Built by the yard of Walsh-Kaiser Co. Inc., Providence Rhode Island, for the Maritime Commission contract hull No 1667.
15 April 1943 launched under the name USS PILFORD, Mrs. Harry H. Dugan christened her
Displacement 1.430 ton, full load 2.415 ton, dim. length 303.11 x 37.8 x 13.8ft. (draught)
Powered by a triple expansion steamengine, 5.500shp. Speed 20 knots.
Armament 3 – 3 inch guns, 2 – 40mm AA twin gun mounts, 9 – 20mm AA guns, 8 deptcharge throwers, 1 Hedgehog mortar aft.
Crew 180, during war 214.
06 July 1944 completed, and transferred to the Royal Navy on 07 July 1944 and renamed HMS PITCAIRN.

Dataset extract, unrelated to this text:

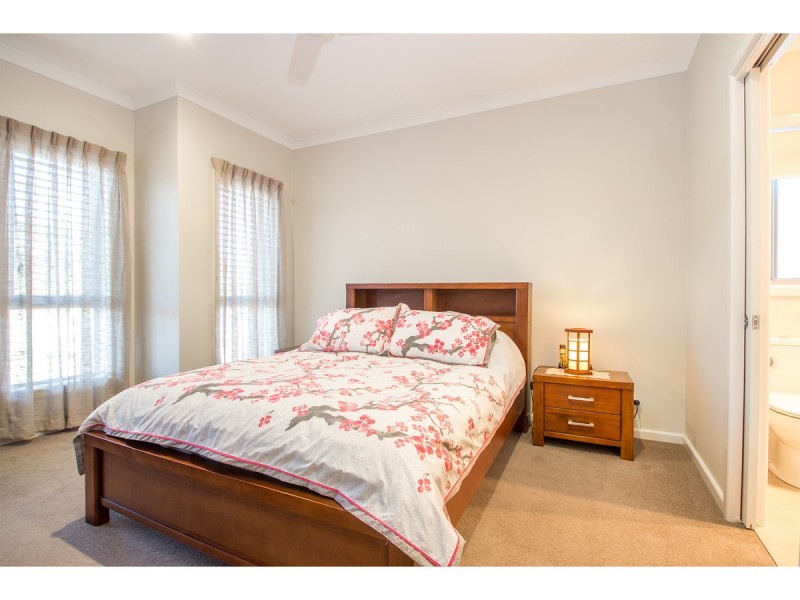 104 Pickworth Street, Thurgoona NSW 2640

The Colony class frigates were mass-produced by American shipyards during the last half of 1943; the design was a modification of the British River Class. 21 were loaned to the Royal Navy.
Originally authorized as Gunboat PG-193, then redesignated a Patrol Frigate PF-85, the USS PILFORD.
She was built under a Maritime Commission contract by Walsh-Kaiser Co. Inc. in Seattle, U.S.A. and launched in Providence, Rhode Island on 15 April 1943.
As one of 21 frigates built of similar design the PILFORD, like the other frigates, were named after American Captains.
When handed over to the British Navy the class was changed to Colony class.
Under the Lend-Lease Program she was assigned to the Royal Navy, and officially commissioned on 07 July 1944 as HMS PITCAIRN (K-589).
She served as a patrol and escort vessel during the remainder of the Second World War with other Colony class frigates mostly in the North Atlantic.
08 October 1944 she was thrown into the fray, while escorting six Russian ships from St John’s New Foundland to Falmouth in the U.K. She came in contact with a German U-boat and at 01.00 hours she carried out a depth charge attack (know as a ‘hedgehog’ attack as the depth charges are fired forward of the ship over the bow.)
A torpedo was sighted passing down the port side of the PITCAIRN, missing the stern by just 30 yards. Contact was lost after three hedgehog attacks.
The HMS PITCAIRN was returned to the United States Maritime Commission on 11June 1946 at Boston, and was removed from the Navy List on 03 July the same year.
She was eventually sold for scrap to ship breaker John J Duane Co, Quincy, Massachusetts on 08 November 1947.